Dorothy Whipple’s almost entirely forgotten novel High Wages
is one of the most compelling stories of personal initiative and entrepreneurship that I have read.
Left alone in the world with only fifty-two pounds in a savings account, Jane Carter decides to look for work. By chance, she arrives in town as a small local shop is posting an ad for a shop girl. She applies, and her pleasant appearance and cultivated manner get her the post.
The moment Jane begins her working life, she begins to blossom. Despite being expected to “live-in” in fairly dismal conditions, Jane loves her job. Thus, Whipple shares every detail with her readers. We know Jane’s salary and are updated when it changes, and we follow most of her expenses. We track her professional accomplishments from the moment when she has “her first real customer, and she was elated to serve her and to be on the way to earn[ing] commission.”
And we are with Jane at the crucial turning point, when she discovers her boss stealing her commission on a larger sale.
“Fancy cheating a girl out of ninepence!” cried Jane. “And him with his hundreds of pounds! He knows we can’t fight. He knows we’ve got to put up with whatever he does—all his dirty little sneaking ways! And he’s a fool to himself, too!” she burst out again. “Cramping his own trade! He cheats us out of ninepence and stops us from earning pounds more for him. Who’s going to bring out any ideas when he treats you like that? It doesn’t pay to have ideas here.”

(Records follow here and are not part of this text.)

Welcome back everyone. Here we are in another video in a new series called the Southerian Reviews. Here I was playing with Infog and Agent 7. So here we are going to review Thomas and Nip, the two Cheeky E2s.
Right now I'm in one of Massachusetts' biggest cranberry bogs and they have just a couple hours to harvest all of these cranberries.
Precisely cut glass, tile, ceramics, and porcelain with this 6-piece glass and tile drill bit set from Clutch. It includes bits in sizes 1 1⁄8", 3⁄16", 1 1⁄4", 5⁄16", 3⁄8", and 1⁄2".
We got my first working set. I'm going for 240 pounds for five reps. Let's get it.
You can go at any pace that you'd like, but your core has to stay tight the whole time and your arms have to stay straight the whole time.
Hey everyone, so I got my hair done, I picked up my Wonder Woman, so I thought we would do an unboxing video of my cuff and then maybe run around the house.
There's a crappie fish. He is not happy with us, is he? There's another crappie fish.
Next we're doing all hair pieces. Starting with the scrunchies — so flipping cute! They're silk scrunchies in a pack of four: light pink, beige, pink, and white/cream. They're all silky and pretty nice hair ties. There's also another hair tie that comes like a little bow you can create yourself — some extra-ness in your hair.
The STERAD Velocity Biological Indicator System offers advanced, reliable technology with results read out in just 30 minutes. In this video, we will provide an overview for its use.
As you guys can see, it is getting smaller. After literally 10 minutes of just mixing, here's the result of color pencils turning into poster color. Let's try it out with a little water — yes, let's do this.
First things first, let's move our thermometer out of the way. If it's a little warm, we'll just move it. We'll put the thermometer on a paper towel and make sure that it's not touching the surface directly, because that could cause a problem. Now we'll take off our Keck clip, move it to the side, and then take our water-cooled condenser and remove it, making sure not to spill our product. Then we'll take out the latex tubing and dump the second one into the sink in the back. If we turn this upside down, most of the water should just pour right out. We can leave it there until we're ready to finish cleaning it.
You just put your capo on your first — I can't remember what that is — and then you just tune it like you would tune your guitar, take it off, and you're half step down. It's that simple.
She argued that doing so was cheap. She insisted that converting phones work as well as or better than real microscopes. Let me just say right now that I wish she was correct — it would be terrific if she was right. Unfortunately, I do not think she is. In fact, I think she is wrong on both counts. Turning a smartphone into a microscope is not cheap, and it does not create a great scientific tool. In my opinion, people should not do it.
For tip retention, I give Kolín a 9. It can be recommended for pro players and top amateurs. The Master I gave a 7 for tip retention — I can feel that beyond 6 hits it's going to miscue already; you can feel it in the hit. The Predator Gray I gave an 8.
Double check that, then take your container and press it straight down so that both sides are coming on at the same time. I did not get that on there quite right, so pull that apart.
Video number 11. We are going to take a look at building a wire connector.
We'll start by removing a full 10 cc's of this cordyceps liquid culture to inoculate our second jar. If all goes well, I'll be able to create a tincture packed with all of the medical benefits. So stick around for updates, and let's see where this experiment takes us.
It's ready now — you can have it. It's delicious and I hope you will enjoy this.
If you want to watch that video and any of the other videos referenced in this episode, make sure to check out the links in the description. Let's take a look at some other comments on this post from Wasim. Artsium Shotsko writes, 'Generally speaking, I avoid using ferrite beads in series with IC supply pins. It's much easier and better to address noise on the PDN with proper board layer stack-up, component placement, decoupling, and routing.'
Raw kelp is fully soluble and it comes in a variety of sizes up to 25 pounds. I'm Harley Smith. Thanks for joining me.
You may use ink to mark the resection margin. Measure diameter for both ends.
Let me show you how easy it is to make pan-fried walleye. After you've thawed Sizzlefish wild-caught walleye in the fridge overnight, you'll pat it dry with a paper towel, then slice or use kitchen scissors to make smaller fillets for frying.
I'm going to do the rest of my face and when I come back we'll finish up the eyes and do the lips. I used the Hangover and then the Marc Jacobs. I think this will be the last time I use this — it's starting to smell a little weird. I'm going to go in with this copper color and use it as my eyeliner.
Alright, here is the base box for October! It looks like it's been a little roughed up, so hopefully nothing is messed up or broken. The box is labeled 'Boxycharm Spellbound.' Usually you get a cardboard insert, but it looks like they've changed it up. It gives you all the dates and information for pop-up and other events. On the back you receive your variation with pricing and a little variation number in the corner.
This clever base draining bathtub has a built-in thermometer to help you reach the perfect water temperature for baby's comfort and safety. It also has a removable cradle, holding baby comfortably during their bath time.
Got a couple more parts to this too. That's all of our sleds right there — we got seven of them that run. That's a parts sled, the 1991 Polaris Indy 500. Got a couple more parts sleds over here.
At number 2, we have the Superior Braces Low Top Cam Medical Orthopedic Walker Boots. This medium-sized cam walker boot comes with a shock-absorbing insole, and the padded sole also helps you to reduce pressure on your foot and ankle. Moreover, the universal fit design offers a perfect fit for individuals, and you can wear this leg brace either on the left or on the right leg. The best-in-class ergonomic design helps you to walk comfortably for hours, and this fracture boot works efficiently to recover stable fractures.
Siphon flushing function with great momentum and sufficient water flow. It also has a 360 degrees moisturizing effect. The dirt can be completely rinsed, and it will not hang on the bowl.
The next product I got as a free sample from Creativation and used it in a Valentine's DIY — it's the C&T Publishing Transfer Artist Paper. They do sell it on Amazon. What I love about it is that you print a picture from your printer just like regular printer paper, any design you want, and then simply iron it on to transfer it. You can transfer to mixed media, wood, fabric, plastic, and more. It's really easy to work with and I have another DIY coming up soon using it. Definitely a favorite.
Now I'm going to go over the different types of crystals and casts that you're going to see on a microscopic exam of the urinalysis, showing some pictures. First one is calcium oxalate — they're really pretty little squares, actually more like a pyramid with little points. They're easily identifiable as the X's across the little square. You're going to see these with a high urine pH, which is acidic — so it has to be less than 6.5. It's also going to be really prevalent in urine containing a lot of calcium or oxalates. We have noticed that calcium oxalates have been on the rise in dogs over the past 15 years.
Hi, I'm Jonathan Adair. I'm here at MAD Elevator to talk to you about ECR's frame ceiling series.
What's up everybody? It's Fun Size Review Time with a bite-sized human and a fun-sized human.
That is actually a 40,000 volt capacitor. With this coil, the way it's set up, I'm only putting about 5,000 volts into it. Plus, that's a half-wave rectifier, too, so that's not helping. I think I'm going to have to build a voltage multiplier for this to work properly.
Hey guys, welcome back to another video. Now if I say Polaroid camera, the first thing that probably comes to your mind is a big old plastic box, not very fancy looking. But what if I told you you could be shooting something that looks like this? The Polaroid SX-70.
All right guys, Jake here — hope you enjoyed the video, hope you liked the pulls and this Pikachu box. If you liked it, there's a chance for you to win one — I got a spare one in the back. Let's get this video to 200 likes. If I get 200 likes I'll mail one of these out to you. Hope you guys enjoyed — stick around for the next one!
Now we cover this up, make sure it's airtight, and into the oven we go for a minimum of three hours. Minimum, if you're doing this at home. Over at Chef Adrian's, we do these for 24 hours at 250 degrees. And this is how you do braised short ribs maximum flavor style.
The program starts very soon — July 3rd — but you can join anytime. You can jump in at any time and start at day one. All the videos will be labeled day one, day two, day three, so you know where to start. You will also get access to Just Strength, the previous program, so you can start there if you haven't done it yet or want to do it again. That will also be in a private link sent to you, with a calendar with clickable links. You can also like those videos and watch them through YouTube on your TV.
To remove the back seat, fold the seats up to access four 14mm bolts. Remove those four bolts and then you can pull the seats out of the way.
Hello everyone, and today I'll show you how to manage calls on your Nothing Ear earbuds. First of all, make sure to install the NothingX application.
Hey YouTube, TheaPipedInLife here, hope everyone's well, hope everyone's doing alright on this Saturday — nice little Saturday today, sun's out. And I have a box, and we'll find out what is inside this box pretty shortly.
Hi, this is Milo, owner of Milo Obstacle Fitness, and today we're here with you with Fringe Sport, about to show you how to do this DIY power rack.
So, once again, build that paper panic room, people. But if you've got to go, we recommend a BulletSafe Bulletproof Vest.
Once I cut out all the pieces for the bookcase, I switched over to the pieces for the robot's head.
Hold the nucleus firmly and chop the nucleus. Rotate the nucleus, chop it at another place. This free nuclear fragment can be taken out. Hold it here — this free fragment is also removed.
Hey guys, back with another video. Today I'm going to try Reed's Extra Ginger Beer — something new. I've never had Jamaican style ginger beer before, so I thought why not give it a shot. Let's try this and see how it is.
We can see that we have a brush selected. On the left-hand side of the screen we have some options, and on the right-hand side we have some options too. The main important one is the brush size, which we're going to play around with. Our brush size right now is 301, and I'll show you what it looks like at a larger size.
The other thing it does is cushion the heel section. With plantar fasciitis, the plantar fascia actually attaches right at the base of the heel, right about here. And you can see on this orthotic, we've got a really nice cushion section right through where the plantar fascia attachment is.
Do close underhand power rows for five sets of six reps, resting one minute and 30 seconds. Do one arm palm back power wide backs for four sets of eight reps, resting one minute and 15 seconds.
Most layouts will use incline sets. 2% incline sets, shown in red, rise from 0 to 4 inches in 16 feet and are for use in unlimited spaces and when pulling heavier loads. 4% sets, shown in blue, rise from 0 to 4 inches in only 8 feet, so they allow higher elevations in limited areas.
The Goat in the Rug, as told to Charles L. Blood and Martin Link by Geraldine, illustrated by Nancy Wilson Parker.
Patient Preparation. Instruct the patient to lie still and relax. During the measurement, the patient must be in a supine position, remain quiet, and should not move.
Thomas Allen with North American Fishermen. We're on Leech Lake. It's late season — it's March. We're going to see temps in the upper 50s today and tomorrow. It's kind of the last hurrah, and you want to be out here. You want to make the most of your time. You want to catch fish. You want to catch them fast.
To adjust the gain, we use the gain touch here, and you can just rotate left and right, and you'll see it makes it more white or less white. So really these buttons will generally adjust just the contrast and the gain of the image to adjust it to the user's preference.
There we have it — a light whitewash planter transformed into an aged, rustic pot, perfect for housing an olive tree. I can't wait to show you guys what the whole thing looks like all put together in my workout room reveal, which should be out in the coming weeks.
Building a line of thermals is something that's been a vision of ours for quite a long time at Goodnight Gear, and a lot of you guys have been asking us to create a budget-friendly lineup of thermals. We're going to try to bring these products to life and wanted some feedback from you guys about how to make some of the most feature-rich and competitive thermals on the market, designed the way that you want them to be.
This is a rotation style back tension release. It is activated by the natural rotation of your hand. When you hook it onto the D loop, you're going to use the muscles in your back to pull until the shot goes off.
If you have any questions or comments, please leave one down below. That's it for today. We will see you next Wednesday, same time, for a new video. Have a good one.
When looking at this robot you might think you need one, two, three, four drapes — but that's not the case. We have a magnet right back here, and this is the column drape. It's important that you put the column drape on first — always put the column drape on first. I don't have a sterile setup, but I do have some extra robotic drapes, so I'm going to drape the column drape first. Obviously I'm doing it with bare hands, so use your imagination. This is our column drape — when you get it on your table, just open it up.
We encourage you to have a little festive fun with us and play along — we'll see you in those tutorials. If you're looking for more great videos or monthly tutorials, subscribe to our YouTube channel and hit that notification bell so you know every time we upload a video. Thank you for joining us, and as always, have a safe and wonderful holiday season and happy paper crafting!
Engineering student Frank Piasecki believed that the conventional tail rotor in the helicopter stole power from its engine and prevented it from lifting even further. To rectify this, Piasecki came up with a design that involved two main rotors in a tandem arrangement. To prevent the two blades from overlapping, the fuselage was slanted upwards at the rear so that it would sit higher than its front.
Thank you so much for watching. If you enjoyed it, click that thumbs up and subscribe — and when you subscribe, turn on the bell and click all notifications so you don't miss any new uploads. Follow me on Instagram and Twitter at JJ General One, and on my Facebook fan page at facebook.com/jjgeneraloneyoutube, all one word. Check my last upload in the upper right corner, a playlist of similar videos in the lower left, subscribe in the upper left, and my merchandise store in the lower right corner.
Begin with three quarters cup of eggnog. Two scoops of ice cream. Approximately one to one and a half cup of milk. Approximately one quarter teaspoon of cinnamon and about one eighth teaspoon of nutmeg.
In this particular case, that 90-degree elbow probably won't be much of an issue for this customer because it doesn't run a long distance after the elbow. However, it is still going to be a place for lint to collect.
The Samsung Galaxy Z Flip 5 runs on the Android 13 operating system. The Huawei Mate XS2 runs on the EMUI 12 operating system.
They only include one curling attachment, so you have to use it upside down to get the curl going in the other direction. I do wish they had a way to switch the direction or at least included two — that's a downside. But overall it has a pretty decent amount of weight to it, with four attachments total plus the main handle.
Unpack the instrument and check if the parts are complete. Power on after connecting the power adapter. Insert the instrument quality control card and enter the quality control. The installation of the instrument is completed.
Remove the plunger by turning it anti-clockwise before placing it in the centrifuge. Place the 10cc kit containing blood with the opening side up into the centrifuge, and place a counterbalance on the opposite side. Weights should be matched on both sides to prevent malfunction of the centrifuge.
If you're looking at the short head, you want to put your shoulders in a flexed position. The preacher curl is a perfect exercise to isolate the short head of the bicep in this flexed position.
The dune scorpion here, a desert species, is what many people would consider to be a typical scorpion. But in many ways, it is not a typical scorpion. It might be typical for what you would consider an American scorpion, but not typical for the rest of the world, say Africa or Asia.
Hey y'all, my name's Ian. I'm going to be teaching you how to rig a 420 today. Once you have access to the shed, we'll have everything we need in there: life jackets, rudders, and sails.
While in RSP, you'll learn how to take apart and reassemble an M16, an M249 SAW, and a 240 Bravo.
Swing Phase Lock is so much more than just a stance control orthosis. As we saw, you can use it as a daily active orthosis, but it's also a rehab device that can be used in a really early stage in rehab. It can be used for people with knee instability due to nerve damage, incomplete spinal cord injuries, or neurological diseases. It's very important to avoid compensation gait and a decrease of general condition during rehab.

Whipple uses this scene to make us aware of Jane’s remarkable instinct for commerce. She is not only outraged on behalf of her savings account. She is outraged on behalf of “business” in general, which ought not to be run this way, and on behalf of the customers who will not benefit from the good ideas that employees have no incentive to share. This moment pushes Jane to recognize and defend her own value for the six years she works in the shop, and eventually, to dare to strike out with a shop of her own.
That Jane is able to make this leap from shop assistant to shop proprietor is due, in part, to her friendship with her customer Mrs. Briggs, who has “married up” in life and finds Jane an approachable friend. It is she who suggests that Jane should accept a loan of 150 pounds and that they invest in a shop together, with Mrs. Briggs as a silent partner. But as Whipple makes clear, it is not just the money that makes this possible. Jane’s entrepreneurial spirit and keen business mind mean that long before Mrs. Briggs makes her offer, Jane knows precisely what her plan requires.
“I worked it all out once,” said Jane, “and I reckoned I’d just manage on a hundred and fifty pounds. You see, I could get extended credit from several houses. I should only have dresses and hats. No haberdashery for me! It’s a lot of trouble and there’s no money in it. . . .”
“How’d it be,” [Mrs. Briggs] said, “If I lent you the 150 pounds?”
Like all the best entrepreneurs, Jane has prepared for the opportunity before the opportunity exists. When it does appear she is ready to step into action.
I can think of few books that express the satisfactions of running a business better than this one. Jane helps us feel the sheer joy of owning something that has been brought into existence by force of the entrepreneur’s drive and vision.
She went out on to the pavement and looked again at her shop, with anxiety. The sight of it reassured her. It was a real shop; it was there; it was realized. It did more than reassure her, it filled her with the wildest excitement. She gazed with ecstasy at her name hanging in bronze letters in the window: JANE. She had always disliked that name for a plain, old fashioned one, and now it inspired her with the sharpest delight. Not only was it adequate, and, by a turn of fashion, modish, but it was a symbol. Under this name the venture was launched. . . .”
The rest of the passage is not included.